Sajid Javid, the UK’s Health Secretary says the government has ruled out the vaccine passport program that was originally planned.

The announcement came in the wake of a massive backlash from the lower ranks of the Conservative Party who are concerned about the extreme erosion of civil liberties and argued that, if vaccinated people can still get and pass on the coronavirus, vaccine passport mandates make no practical sense.

Britons took to the streets in protesting the vaccine passport system for its discriminatory agenda.

Javid, in an interview with the BBC’s Andrew Marr program, made it clear: “We will not be going ahead with plans for vaccine passports,” and that it would be held “in reserve.”

In advance of Mayor Boris Johnson’s announcement on Tuesday of the government’s “winter plan,” the Health Secretary declared that the government would not implement the controversial measure for nightclubs and major events.

Businesses and venues who are already demanding a vaccination passport are set to be allowed to continue to do so, but they will no longer have the government’s backing.

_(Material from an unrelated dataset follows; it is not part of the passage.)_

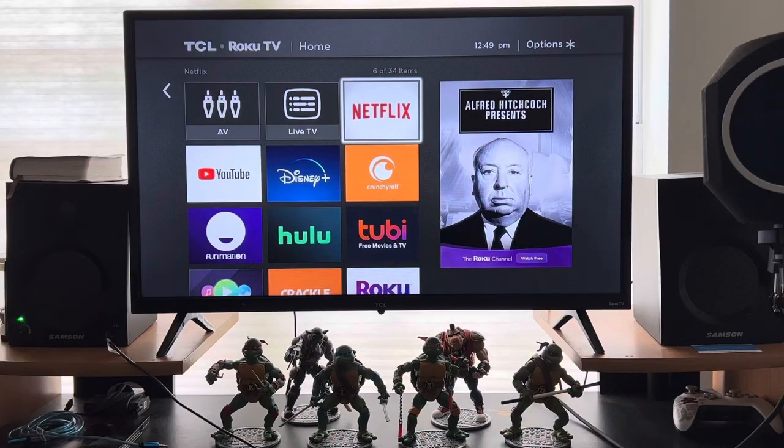Hey YouTube, Lanishia here with another fix-it video. This is my TCL Roku TV — I don't know the exact model but I'll have it in the description. It's something I've been having issues with; we've had this Roku TV for years and it's been sitting in our extra bedroom slash studio office.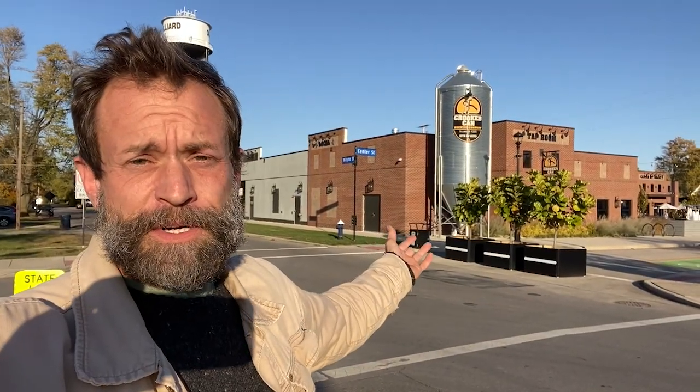Hello friends, welcome to Hilliard, Ohio. I'm here at Crooked Can, Ohio version. I've been to the one in Florida in Winter Garden. Now it's time for Hilliard. Let's go have some beers.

Conservative members of parliament had called the vaccine passport plan “unsupportable, coercive, and discriminatory.”

The news of the government refusing to back the vaccine passport came shortly after the Scottish leader Nicola Sturgeon announced on Tuesday that a vaccine passport program would go into effect in Scotland on October 1.

Sturgeon faced a challenge in this morning’s interviews as she tried to defend her controversial policies, in light of the Health Secretary’s statement.

“This is a very limited scheme,” she told SkyNews.